We know that Google tracks a user’s online search habits, and which websites they browse to and fro, but just how deep does that tracking go? For example, in Safari or Chrome, if I type in a URL to a sign-in website, does Google now know that URL because it’s the default search engine? Or, does it Remember the URL I put into Chrome?
I don’t have an answer but I have a growing concern that whatever we type into an app that goes online goes somewhere else. Can you say, ‘Browser History?’ Yes, the browser history is on my Mac, iPhone, and iPad, but does that history go somewhere else only to be downloaded and viewed by hackers, or government spooks?
So says a Russian forensics firm which says they extracted years of web browsing records from iCloud, Apple’s online cloud storage system. Russell Brandon has some of the scurrilous details, but the basic gist is this:
- Apple has been storing browser history on iCloud
- Apple now deletes browser history beyond two weeks
- Apple has not explained exactly what happened
Did you know your browser history from your Mac gets synced to your iPhone? I didn’t, either, but that’s more because I put in a few safety valves and purposely delete my Safari and Chrome browser histories, automatically, or manually.
Or, at least I thought they were deleted.
A couple of years ago I wrote about a utility I use to manage cookies and– so I thought– delete browser history. It’s a great app called Cookie which runs all the time on my Mac and deletes the Safari and Chrome browser history– and any cookies every x-number of minutes. Try it. You’ll like it.

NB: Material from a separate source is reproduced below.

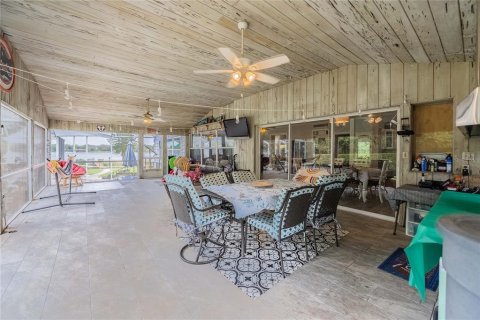 House in Haines City, Florida 5 bedrooms, 419.73 sq.m. № 1518585 - photo 25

Apple might think that synchronizing the browser history between Safari on the Mac and Safari on iPhone or iPad is a good thing, and I can see where it would be convenient, but it’s not something I want to do, and I suspect many of Apple’s customers feel the same way.
Supposedly, when you clear a browser history on, say, Safari on the Mac, it gets cleared for iPhone and iPad, too. A certain aforementioned Russian forensics firm might say otherwise. They found plenty of records which said browser history was deleted but the data remained and was clearly visible– and dated back to late 2015.
All of this begs the question, “How secure is iCloud?”
We know text messages in Messages are encrypted end-to-end but law enforcement agencies who capture one of the ends captures the other end, too. We know there isn’t really a safe and secure email system usable by mere mortals. But what about all the other files we save in our Mac’s Documents folder that gets synced to iCloud Drive? Where’s the security? True, all you need is an Apple ID and the right password and you’re in, but the Russian forensics experts didn’t have either and they found plenty of data including site names, URL’s, visit dates and times, and more.
Late last year I took some heat from readers about recommending an online backup system instead of Apple’s own Time Machine. The app is called Arq and it encrypts files and stores them to online cloud services, Amazon’s inexpensive S3 service among many. That means they’re encrypted so you’re the only one who can open the file, and it’s moved off premise to the cloud. Isn’t that supposed to be one of the benefits of iCloud and iCloud Drive?
I want to trust my online storage vendors, but more and more they need to prove they have earned my trust. Apple is on the bubble.